Danish director, Nicolas Winding Refn's showed he was one of the strongest new directors around with his Pusher Trilogy and his Norse epic, Valhalla Rising, showing a trademark style in these visually breathtaking films. His latest feature, Drive, certainly does not disappoint. Ryan Gosling stars as a Hollywood stuntman doubling as a getaway driver. Whilst doing a job for a friend, the robbery goes horribly wrong and he ends up putting the life of those he cares about at risk from ruthless mobsters (Albert Brooks and Ron Perlman).

Winding Refn's direction is stunning, every shot looking like a work of art. Even scenes of ultra-violence (and yes there are quite a few - queue Albert Brook's jamming a fork into someone's eye), graphic as they may are breathtakingly executed with a strong sense of precision and skill. There's two particularly striking scenes - one with Carey Mulligan and Gosling in an elevator and another where Gosling confronts Perlman on a beach. The extreme violence may not be for everyone, but in the context of the film and under the helm of Winding Refn works incredibly well.

There's also a powerful retro atmosphere pulsating through the film: the darkened city streets immediately brought a Miami Vice type vibe to my mind.  The music choice also adds to this atmosphere and surely this year's finest film soundtrack from Cliff Martinez. The original music and choice of electronic new-wave tracks like Kavinsky & Lovefoxxx's Nightcall and College & Electric Youth's Real Hero are definitely tracks you'll be adding to your iPod after the film. Not to forget the grandiose Ticking Clock by The Chromatics, which was used heavily in the trailer.
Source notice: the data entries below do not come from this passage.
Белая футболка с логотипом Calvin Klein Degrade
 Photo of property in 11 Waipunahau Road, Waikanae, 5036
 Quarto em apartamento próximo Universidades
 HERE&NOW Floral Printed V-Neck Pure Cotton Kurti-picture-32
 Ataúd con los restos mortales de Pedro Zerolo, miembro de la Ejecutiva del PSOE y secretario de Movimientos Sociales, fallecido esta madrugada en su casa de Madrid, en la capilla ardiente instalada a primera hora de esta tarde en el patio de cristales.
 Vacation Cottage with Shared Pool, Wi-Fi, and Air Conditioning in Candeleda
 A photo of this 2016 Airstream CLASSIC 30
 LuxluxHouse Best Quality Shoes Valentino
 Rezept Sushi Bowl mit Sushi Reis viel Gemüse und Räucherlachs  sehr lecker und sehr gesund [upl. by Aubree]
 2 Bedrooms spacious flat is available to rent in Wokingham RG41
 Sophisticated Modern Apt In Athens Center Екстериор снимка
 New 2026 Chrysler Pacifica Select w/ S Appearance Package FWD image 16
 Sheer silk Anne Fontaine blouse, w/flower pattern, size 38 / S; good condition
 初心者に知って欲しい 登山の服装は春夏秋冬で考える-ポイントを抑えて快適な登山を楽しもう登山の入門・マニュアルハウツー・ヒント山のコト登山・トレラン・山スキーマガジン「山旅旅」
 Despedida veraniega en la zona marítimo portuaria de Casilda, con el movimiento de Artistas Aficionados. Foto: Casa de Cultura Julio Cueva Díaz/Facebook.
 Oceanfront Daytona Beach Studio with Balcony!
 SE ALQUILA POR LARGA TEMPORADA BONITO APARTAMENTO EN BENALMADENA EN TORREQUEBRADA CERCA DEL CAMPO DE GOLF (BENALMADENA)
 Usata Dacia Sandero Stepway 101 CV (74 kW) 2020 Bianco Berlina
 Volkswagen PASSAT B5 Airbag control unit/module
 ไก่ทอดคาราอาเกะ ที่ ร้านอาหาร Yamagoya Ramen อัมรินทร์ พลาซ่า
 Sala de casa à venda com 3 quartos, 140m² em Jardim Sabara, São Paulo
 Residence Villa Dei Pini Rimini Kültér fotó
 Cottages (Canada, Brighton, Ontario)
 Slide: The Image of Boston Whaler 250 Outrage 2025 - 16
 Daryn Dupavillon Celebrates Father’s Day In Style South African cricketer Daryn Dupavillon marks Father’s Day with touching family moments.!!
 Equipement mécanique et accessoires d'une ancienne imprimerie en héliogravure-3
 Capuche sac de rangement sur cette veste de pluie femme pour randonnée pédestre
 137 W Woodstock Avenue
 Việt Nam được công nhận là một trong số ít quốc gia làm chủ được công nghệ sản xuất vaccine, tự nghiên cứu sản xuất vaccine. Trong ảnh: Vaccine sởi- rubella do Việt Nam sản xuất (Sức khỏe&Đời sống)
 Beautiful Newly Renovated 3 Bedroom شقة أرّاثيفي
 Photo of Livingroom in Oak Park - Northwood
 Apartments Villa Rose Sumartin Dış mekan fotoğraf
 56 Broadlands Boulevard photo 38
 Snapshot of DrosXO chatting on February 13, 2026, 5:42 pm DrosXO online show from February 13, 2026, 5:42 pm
Drive also boasts a fine cast: Gosling leads incredibly with the character of the Driver harking back to the 'Man With No Name' and mysterious heroes of the western genre - there's also a nice like homage through the Driver's ever present toothpick. The character also rarely speaks adding to his mysterious appeal - he's someone I personally wanted to know more about/see more of, which is a pleasant change as a viewer not to have everything explained to you. Carey Mulligan also does well in a fairly underdeveloped role but does the sweet eyed, kind mother act with a genuine sense of credibility. The chemistry between Mulligan and Gosling is certainly not conventional due to very little actually being said between the pair, but the skill of these two actors and a strong script still manages to be conveyed strongly.

The supporting roles are equally as strong; particularly Albert Brooks as the venomous mob boss, Bernie Rose - particularly surprising as I viewed him as a largely comic actor. He's a character that particularly dominates the screen and his presence usually proves threatening. The ever-reliable/entertaining Ron Perlman also features and is always a joy to watch, this time as Rose's partner in crime. Christina Hendricks and Bryan Cranston also appear in a short-lived but memorable roles.

Drive is a magnificent blend of retro action cinema with several arthouse elements carefully added;  proving itself to be one of the year's strongest films. A pulsating soundtrack and some remarkable performances also help establish that Drive is a very special film.